1. Jesus Cristo está presente na Igreja.
Mas esta presença, que é real, não é automática. Ela pode, inclusive, ser ofuscada.
Ela ocorre na base de um dom e sob a égide de um compromisso. Se este falha, aquele, mesmo subsistindo, fica sem interlocutor e, portanto, sem visibilidade.
Não basta, pois, invocar a pertença à Igreja para presumir a transparência de Cristo.
É preciso não esquecer que, como ainda recentemente avisou o Papa, o pecado também invade a Igreja.
É por isso que, desde o princípio, se insiste tanto no testemunho e na conversão.
Jesus mostra-nos o que é a Igreja. Mas será que a Igreja nos mostra sempre quem é Jesus?
Nunca percamos de vista que não é a Igreja o critério para Cristo; Cristo é que é o critério para a Igreja.
2. Esta preocupação deve acompanhar-nos sempre e gerar em nós uma sadia inquietação.
Será que, no fundo, conhecemos bem Jesus Cristo? E será que conhecemos tudo sobre Jesus Cristo?
Vinte séculos de experiência podem dar a entender que a novidade se escoou. Daí que seja da maior pertinência prestar atenção ao que Albert Nolan, teólogo dominicano, nos diz num precioso livro a que deu o sugestivo título Jesus antes do Cristianismo.
Começa o autor por apontar para o óbvio quando assinala que Jesus «ergue-Se acima do Cristianismo como juiz de tudo o que este fez em Seu nome».
Acresce que «o Cristianismo histórico tão-pouco O pode reivindicar como sua propriedade exclusiva. Jesus pertence a toda a humanidade».
Impõe-se, assim, alargar incessantemente o nosso olhar para antes e para fora.
Isto não significa que o que nos tem sido mostrado não seja relevante. Mas será possível aprender ainda mais e ver ainda melhor.
Ninguém questionará que não é o Cristianismo a luz para compreender Cristo. Cristo é que é a luz para compreender o Cristianismo.
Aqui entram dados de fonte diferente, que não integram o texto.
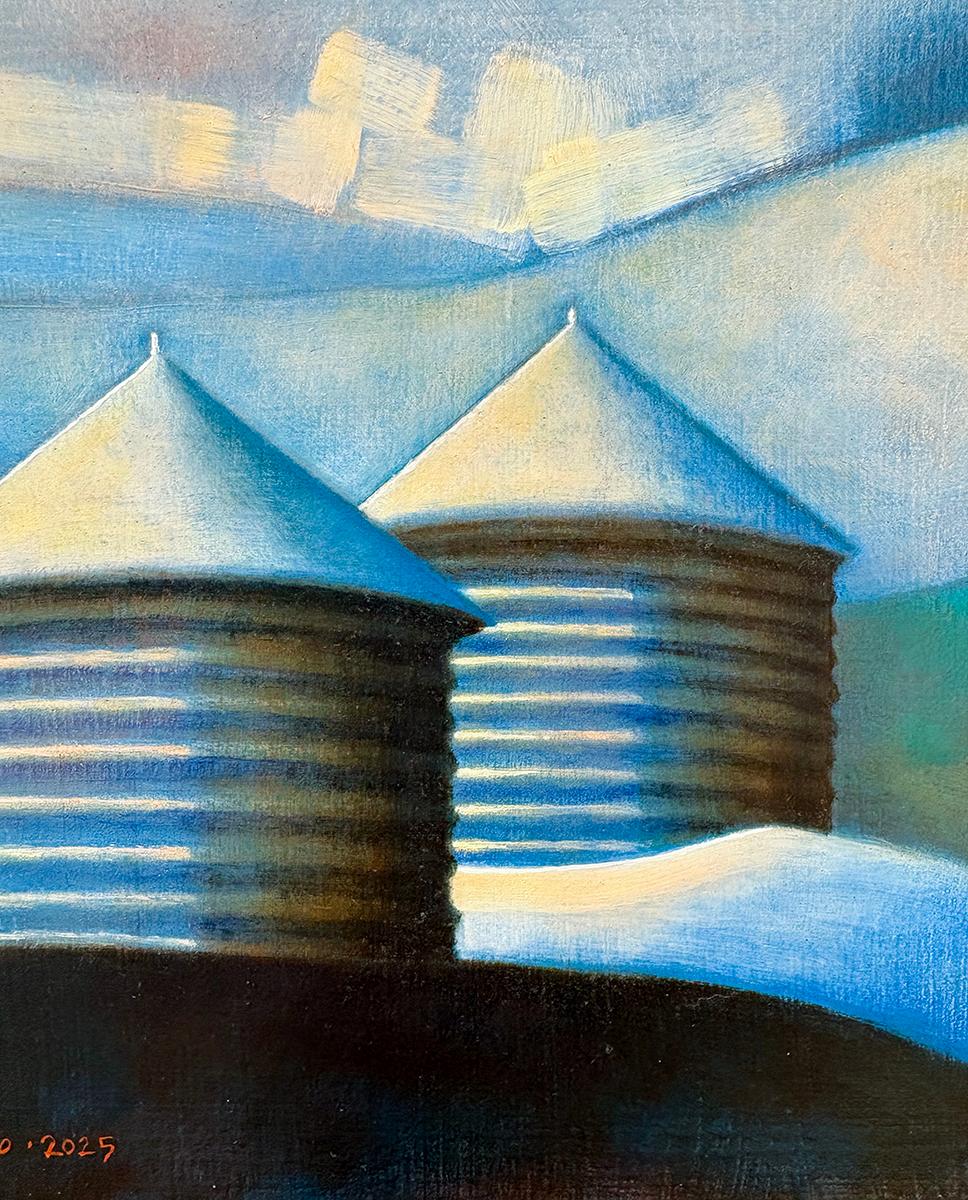 Silos metallici sul Mud Creek (paesaggio agricolo in bianco e blu) - Painting di Ricardo Mulero 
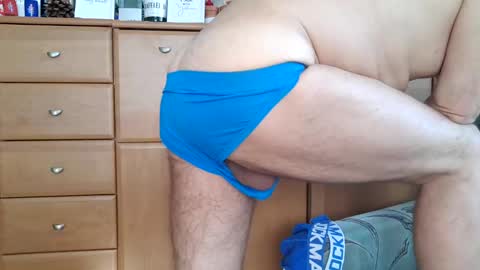 Snapshot of tommyyeu chatting on February 16, 9:48 am Tommy online show from February 16, 9:48 am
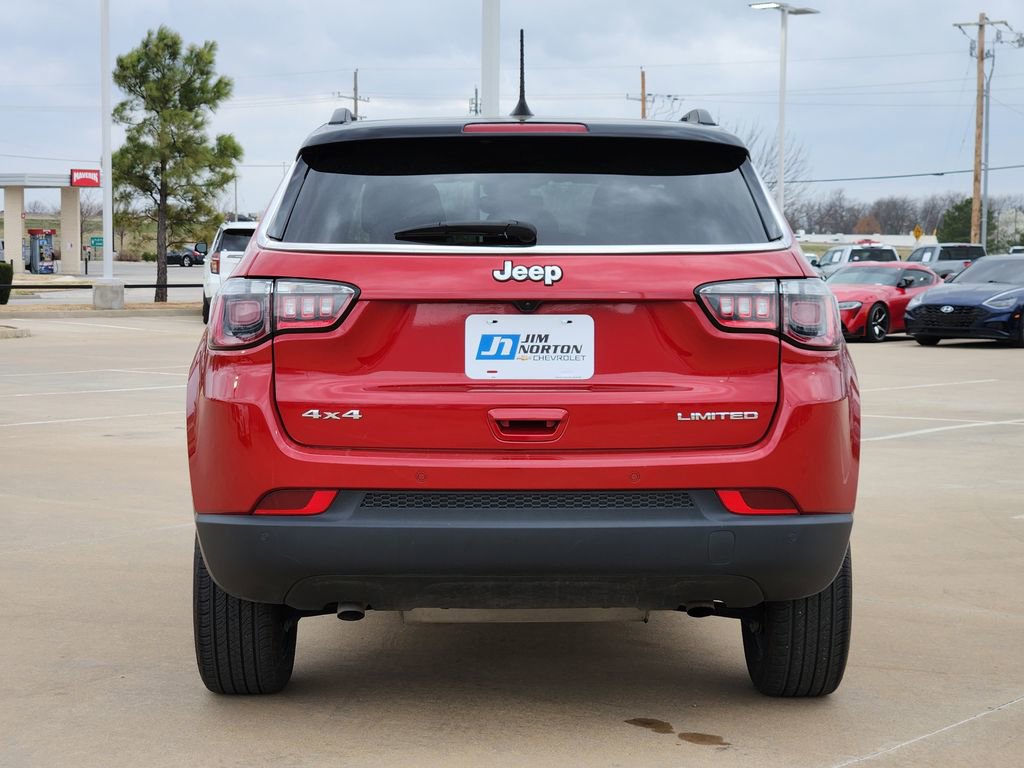Used 2025 Jeep Compass Limited image 7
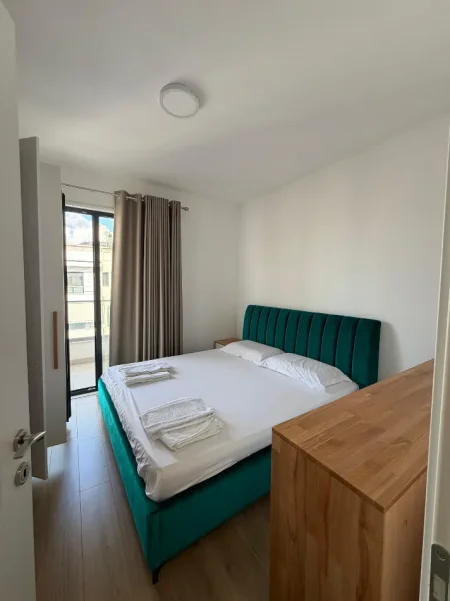 Tirane, jepet me qera apartament 2+1 Kati 7, 165 m² 800 € (Rezidenca Erli)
3. Quando deixamos Jesus falar por Si próprio, aparece-nos alguém de uma independência assombrosa e de uma coragem extraordinária.
Jesus é um mestre que não fica impressionado com o saber dos mestres. Pelo contrário, questiona permanentemente esse saber, demasiado aprisionado pela Lei e pouco voltado para a Vida.
Como nota Albert Nolan, Jesus nunca deixou de «manifestar as Suas convicções».
Jamais deu sinais de medo. Não teve medo, com efeito, «de provocar um escândalo, de perder a Sua reputação nem de perder a Sua própria vida».
Curiosamente, eram as pessoas religiosas as que mais se incomodavam com Ele. «Nada fez para alcançar o mínimo prestígio aos olhos dos outros. Ele não procurava a aprovação de ninguém».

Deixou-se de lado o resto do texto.